→ **Work required**
Would you write out each line of the material below exactly, skipping every picture?

→ **Source data**
*** Block opens ***
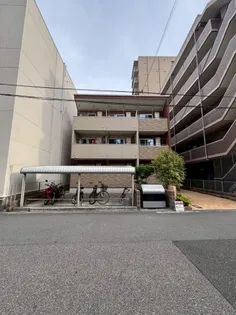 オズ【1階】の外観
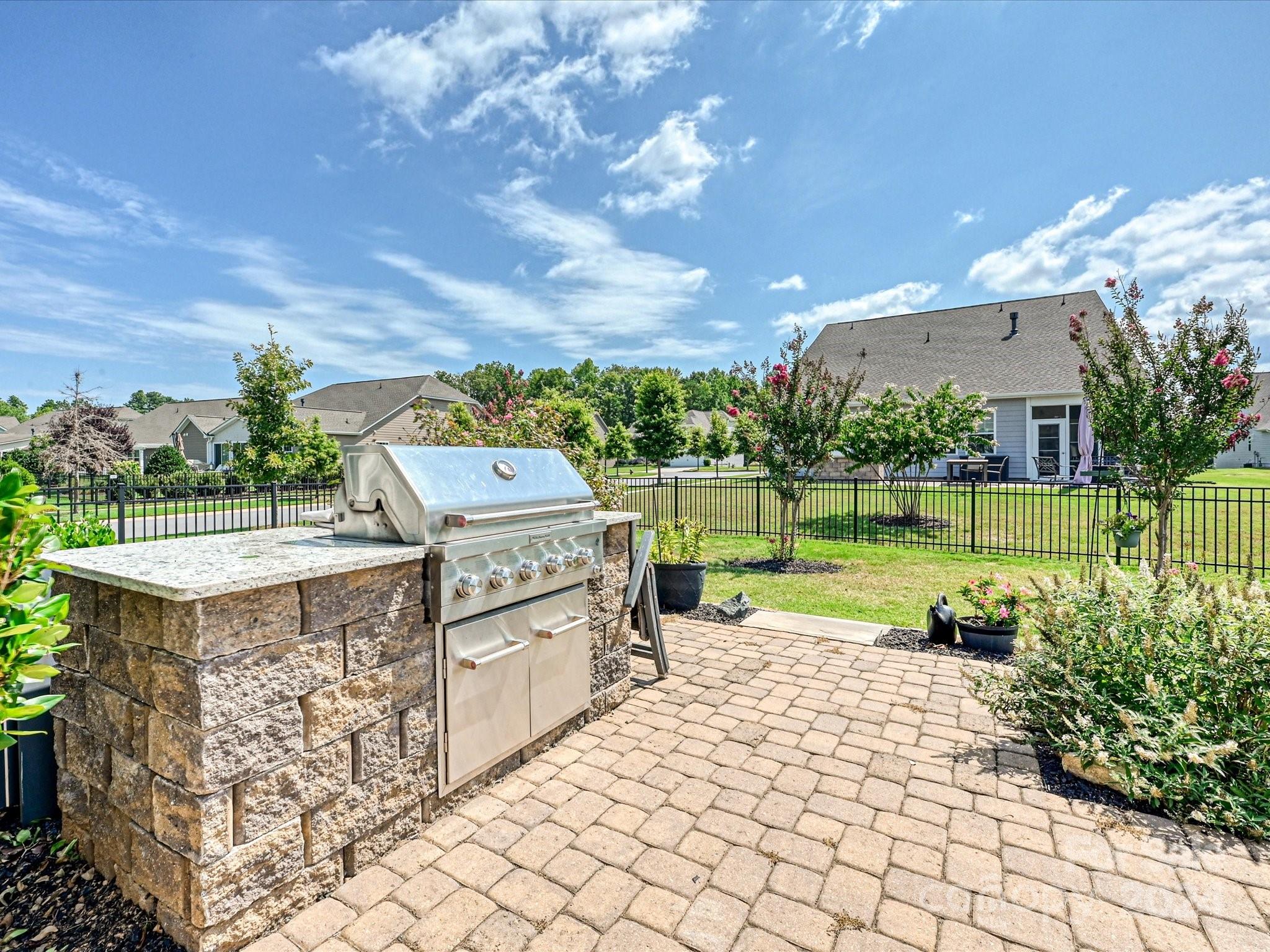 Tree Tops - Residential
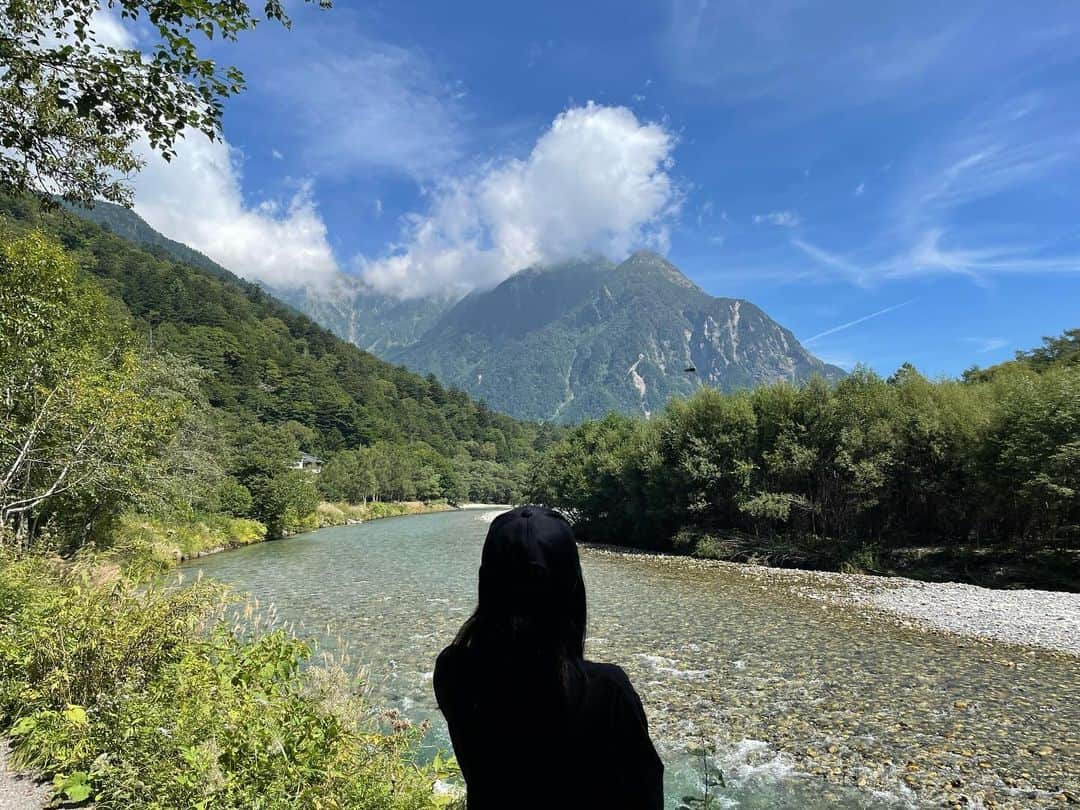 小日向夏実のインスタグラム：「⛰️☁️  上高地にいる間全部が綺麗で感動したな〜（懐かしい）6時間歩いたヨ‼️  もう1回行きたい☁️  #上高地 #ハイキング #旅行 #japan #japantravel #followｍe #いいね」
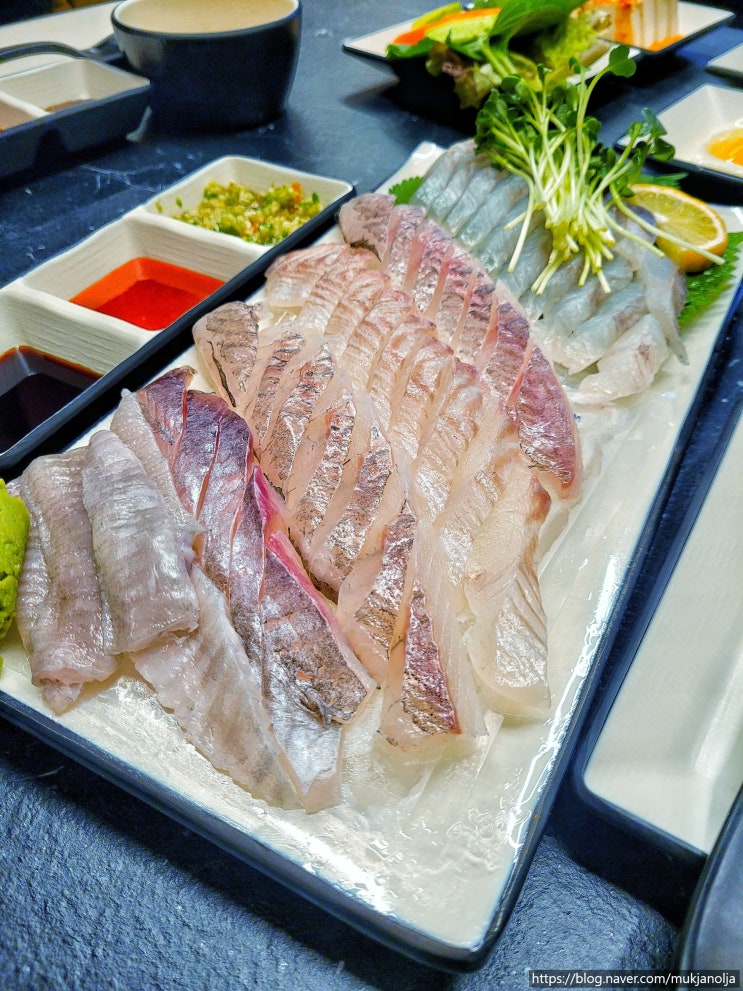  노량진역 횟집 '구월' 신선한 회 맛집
*** Block closes ***
→ **Solution**
 オズ【1階】の外観
 Tree Tops - Residential
 小日向夏実のインスタグラム：「⛰️☁️  上高地にいる間全部が綺麗で感動したな〜（懐かしい）6時間歩いたヨ‼️  もう1回行きたい☁️  #上高地 #ハイキング #旅行 #japan #japantravel #followｍe #いいね」
  노량진역 횟집 '구월' 신선한 회 맛집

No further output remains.